Configuration Files:

  不同的发行版,其开机启动脚本不尽相同。rhel5、6系列,在/etc/rc.d/rc.local中配置;gentoo_openrc在/etc/rc.local/目录下创建foo.start脚本;systemd的环境(如debian、rhel7、gentoo_systemd、suse12等),撰写foo.service文件,置于/etc/systemd/system/目录,systemctl enable foo.service.


 三、Switch Configuration 


   "switch" refers to whatever system the bonded devices are directly connected to (i.e., where the other end of the cable plugs into).This may be an actual dedicated switch device,or it may be another regular system (e.g., another computer running Linux),The active-backup, balance-tlb and balance-alb modes do not require any specific configuration of the switch.

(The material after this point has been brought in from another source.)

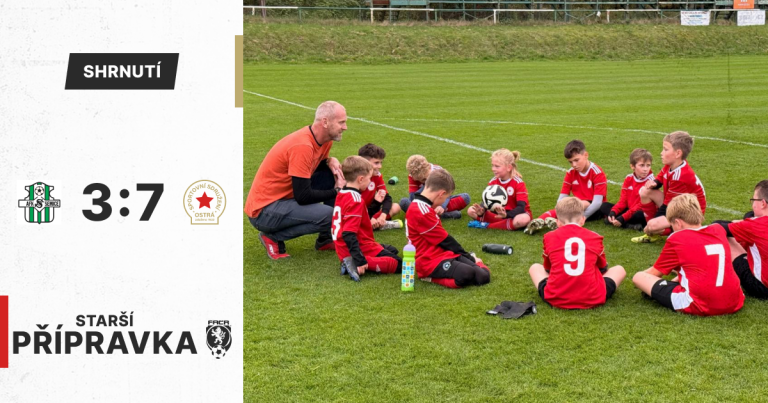 Starší přípravka veze výhru ze Semic!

  The 802.3ad mode requires that the switch have the appropriate ports configured as an 802.3ad aggregation.The precise method used to configure this varies from switch to switch, but, for example, a Cisco 3550 series switch requires that the appropriate ports first be grouped together in a single etherchannel instance, then that etherchannel is set to mode "lacp" to enable 802.3ad (instead of standard EtherChannel).
The balance-rr, balance-xor and broadcast modes generally require that the switch have the appropriate ports grouped together.The nomenclature for such a group differs between switches, it may be called an "etherchannel" (as in the Cisco example, above), a "trunk group" or some other similar variation.For these modes, each switch will also have its own configuration options for the switch‘s transmit policy to the bond.Typical choices include XOR of either the MAC or IP addresses.The transmit policy of the two peers does not need to match.For these three modes, the bonding mode really selects a transmit policy for an EtherChannel group; all three will interoperate with another EtherChannel group.


 四、Link Monitoring


   The bonding driver at present supports two schemes for monitoring a slave device‘s link state: the ARP monitor and the MII monitor.At the present time, due to implementation restrictions in the bonding driver itself, it is not possible to enable both ARP and MII monitoring simultaneously.

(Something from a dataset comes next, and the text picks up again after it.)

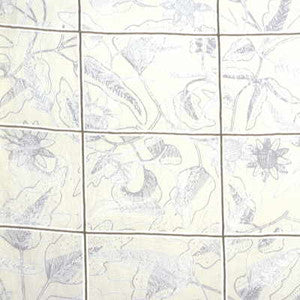 Lee Jofa Modern Fabric Batik Panel Grey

  Miimon only checks for the device‘s carrier state.It has no way to determine the state of devices on or beyond other ports of a switch, or if a switch is refusing to pass traffic while still maintaining carrier on.
  Loading the bonding driver before any network drivers participating in a bond.
  When bonding is configured, it is important that the slave devices not have routes that supersede routes of the master (or,generally, not have routes at all).
  The ARP monitor (and ARP itself) may become confused by this configuration, because ARP requests (generated by the ARP monitor) will be sent on one interface (bond0 etc.), but the corresponding reply will arrive on a different interface (eth0 etc.).This reply looks to ARP as an unsolicited ARP reply (because ARP matches replies on an interface basis), and is discarded.The MII monitor is not affected by the state of the routing table.
  Insure that slaves do not have routes of their own, and if for some reason they must, those routes do not supersede routes of their master.This should generally be the case, but unusual configurations or errant manual or automatic static route additions may cause trouble.


 五、Promiscuous mode


   When running network monitoring tools, e.g., tcpdump, it is common to enable promiscuous mode on the device, so that all traffic is seen (instead of seeing only traffic destined for the local host).The bonding driver handles promiscuous mode changes to the bonding master device (e.g., bond0), and propagates the setting to the slave devices.

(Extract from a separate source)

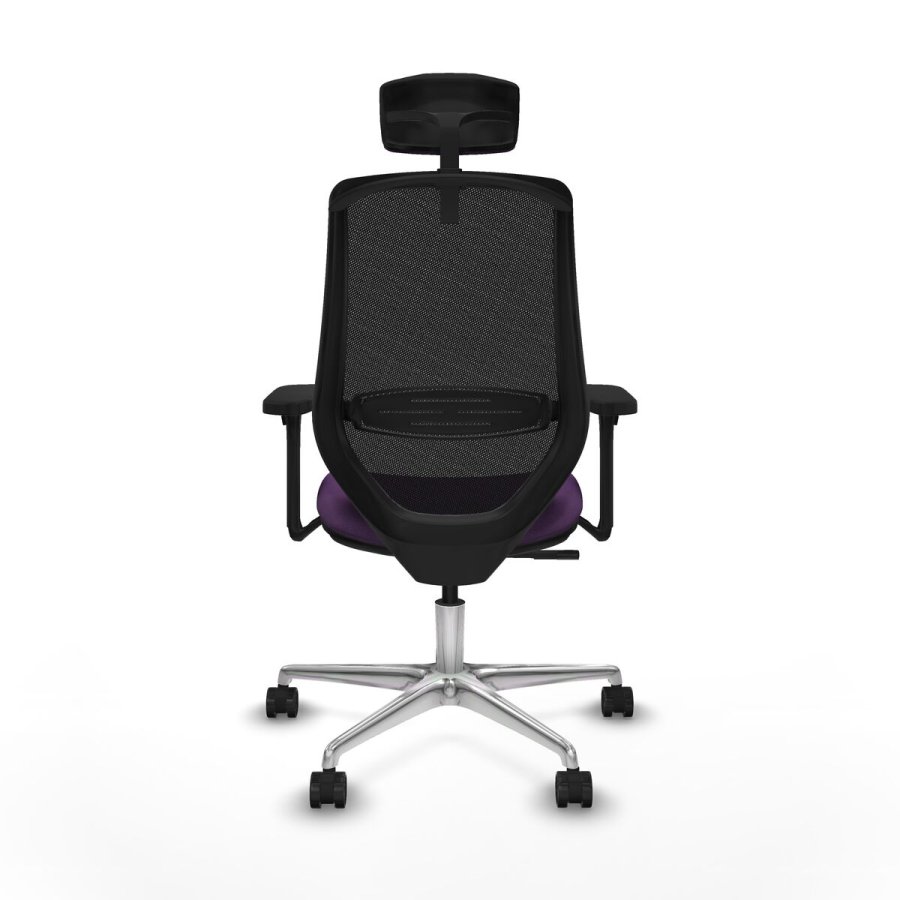 Kontorstol med hovedg�rde Mardos Piqueras y Crespo D086N2H Lilla #5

  • For the balance-rr, balance-xor, broadcast, and 802.3ad modes,the promiscuous mode setting is propagated to all slaves.
  • For the active-backup, balance-tlb and balance-alb modes, the promiscuous mode setting is propagated only to the active slave.
  • For balance-tlb mode, the active slave is the slave currently receiving inbound traffic.
  • For balance-alb mode, the active slave is the slave used as a "primary." This slave is used for mode-specific control traffic, for sending to peers that are unassigned or if the load is unbalanced.
  • For the active-backup, balance-tlb and balance-alb modes, when the active slave changes (e.g., due to a link failure), the promiscuous setting will be propagated(传承) to the new active slave.

 六、Configuring Bonding for High Availability


   High Availability refers to configurations that provide maximum network availability by having redundant or backup devices,links or switches between the host and the rest of the world.The goal is to provide the maximum availability of network connectivity(i.e., the network always works), even though other configurations could provide higher throughput.


七、High Availability in a Multiple Switch Topology(interface && switch)


   In multiple switch topologies, there is a trade off between network availability and usable bandwidth.

HA Bonding Mode Selection for Multiple Switch Topology:

  • active-backup: This is generally the preferred mode, particularly if the switches have an ISL and play together well.If the network configuration is such that one switch is specifically a backup switch (e.g., has lower capacity, higher cost, etc),then the primary option can be used to insure that the preferred link is always used when it is available.
  • broadcast: This mode is really a special purpose mode, and is suitable only for very specific needs.For example, if the two switches are not connected (no ISL), and the networks beyond them are totally independent.In this case, if it is necessary for some specific one-way traffic to reach both independent networks, then the broadcast mode may be suitable.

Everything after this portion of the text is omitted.